Dalam laporan keuangan akhir tahun dari 28 Februari 2010, LPHI melaporkan aset yang
disebut "Investasi dalam Kebijakan" pada $ 16,46 juta, mewakili kepentingan dalam kebijakan
asuransi jiwa yang dibeli oleh perusahaan. Namun, kemudian menyatakan kembali jumlah ini
menjadi $ 12,15 juta, setelah mengakui telah menggunakan perkiraan harapan hidup yang tidak
tepat dalam menilai keberadaan kerugian penurunan nilai sehubungan dengan kebijakan asuransi
jiwa. Dengan awalnya menggunakan perkiraan umur harapan hidup yang terlalu pendek, arus kas
masa depan yang diharapkan melebihi jumlah tercatat investasi ditambah premi masa depan.
LPHI menggunakan satu dokter luar untuk semua penentuan usia harapan hidupnya, sesuatu
yang telah dikritik perusahaan. Dalam pengumuman litigasi, SEC mencatat bahwa dokter ini
"tidak memiliki pelatihan aktuaria atau pengalaman sebelumnya yang membuat perkiraan
harapan hidup." Sekali lagi, lebih realistis, harapan hidup digunakan, biaya polis asli ditambah
premi masa depan yang diproyeksikan melebihi estimasi nilai jatuh tempo, menghasilkan
kerugian penurunan nilai.
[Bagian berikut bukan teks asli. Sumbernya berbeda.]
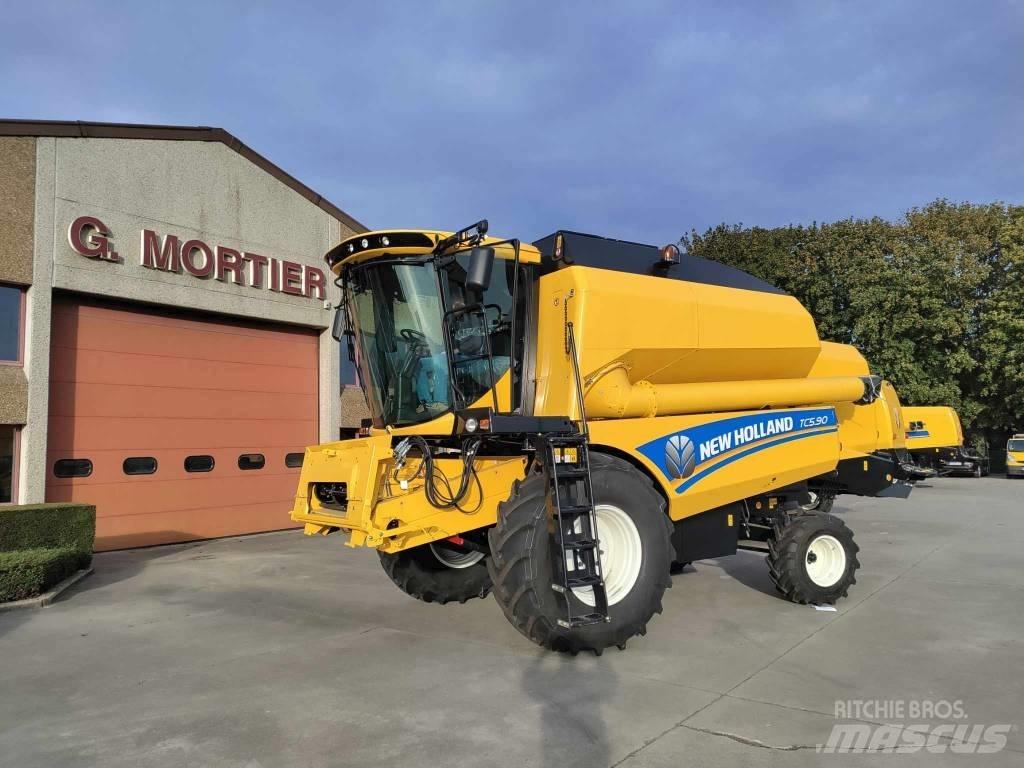 New Holland TC 5.90 聯合收穫機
Catatan kaki untuk laporan keuangan LPHI tanggal 28 Februari 2011,
dalam menjelaskan penyajian kembali laporan Februari 2010, mencatat bahwa "Secara umum,
harapan hidup meningkat dengan penambahan lebih banyak data." Betulkah? Kami benar-benar
dapat hidup lebih lama jika kami mendapatkan lebih banyak data? Betapa cara yang bagus untuk
menjelaskan apa yang SEC ditandai sebagai penipuan laporan keuangan.

Dalam AAER 3351, SEC mengumumkan telah mengajukan tuntutan terhadap LPHI dan tiga
pejabatnya karena keterlibatan mereka dalam pengungkapan penipuan dan skema akuntansi.
SEC menuduh LPHI melakukan kesalahan penyajian laba bersih dari tahun 2007 hingga 2011
sehubungan dengan kegagalan untuk mengenali kerugian penurunan nilai, serta dengan skema
pengakuan pendapatan prematur. LPHI juga secara material meremehkan liabilitas yang terkait
dengan penyelesaiannya, disebut “Biaya Pemantauan Kebijakan Jangka Panjang Ditangguhkan.”

Referensi:
Zack, G. M. 2013. Financial Statement Fraud : Strategies For Detection And Investigation.
Hoboken, New Jersey: John Wiley & Sons, Inc.